Regional Geography
Peoples of the World-9
' Hunters and Fishers of the Siberian
Forest '
BOSWORTH GOLDMAN
This is the second of Mr. Bosworth Goldman's three talks on Siberia.
Last week you heard about the herds-men of the Siberian Steppes; today you are to hear about the hunters and fishers of the Siberian Forest.
These people are the Southern
Samoyed, and they live in a country ot dense forests and are dependent almost entirely on rivers for getting about. In summer, like squirrels, they must provide the winter's larder, but, instead of storing up nuts, they hunt in the forest and fish the rivers, and so collect the food for the barren, bitter months when everything is frozen.
They live in tents and houseboats and wear leather clothes. A square meal—much bigger than the one you are used to sitting down to-will last them for days. They have weird superstitions. But perhaps they are best known to us for the breed of dog that is their constant companion, for you must often have seen it.

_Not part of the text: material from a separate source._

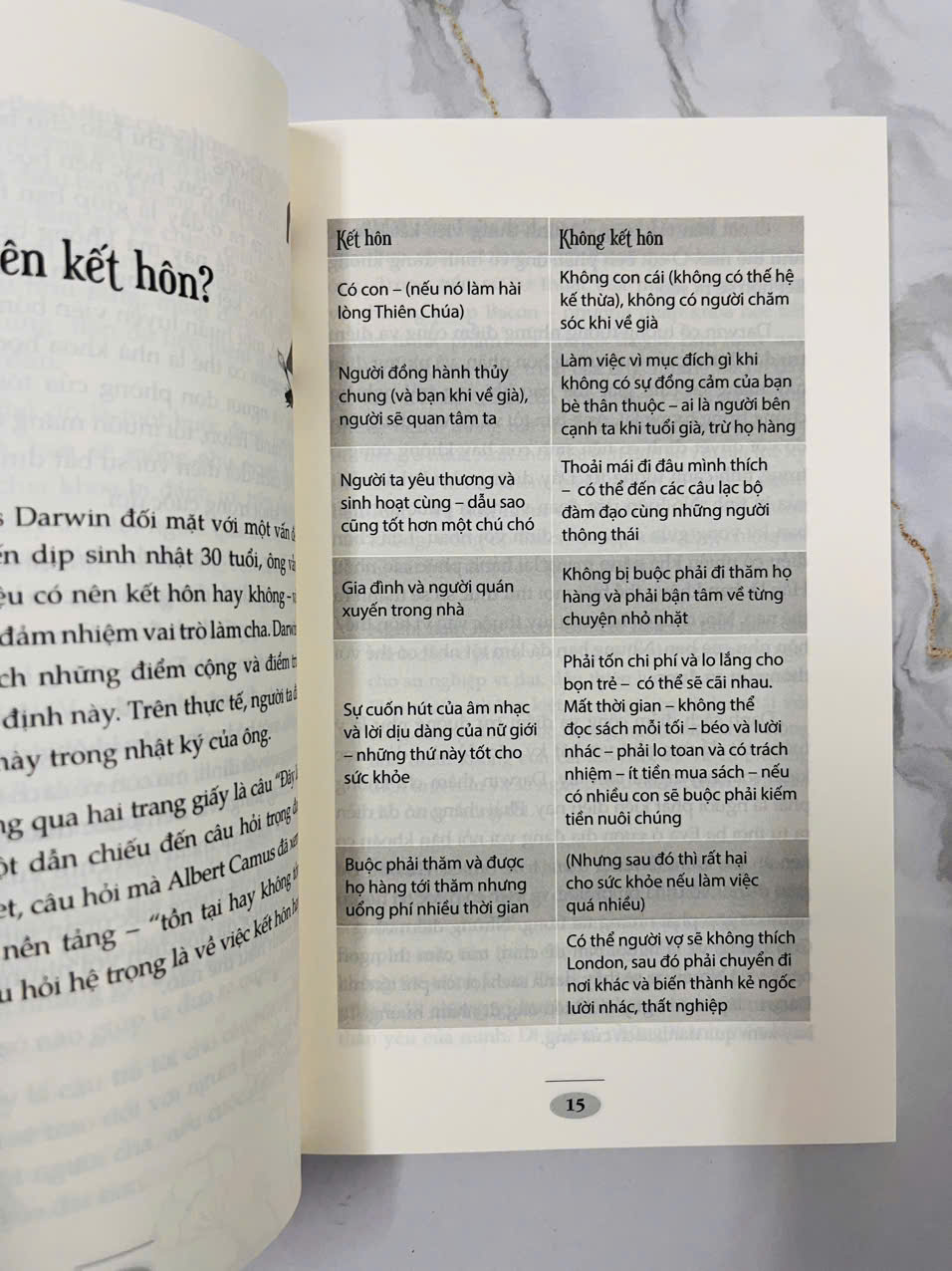 Dám Quyết Định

A handsome, white dog like a big Pomeranian.
Among the Northern Samoyed—Mr.
Goldman is to talk of them next week— the dog is white as you see it over here, but among the Southern Samoyed the dog that bears their name is brown and tawny, after the manner of so many animals that become white when they live in the snow. Nature's camouflage or protective scheme to make them inconspicuous.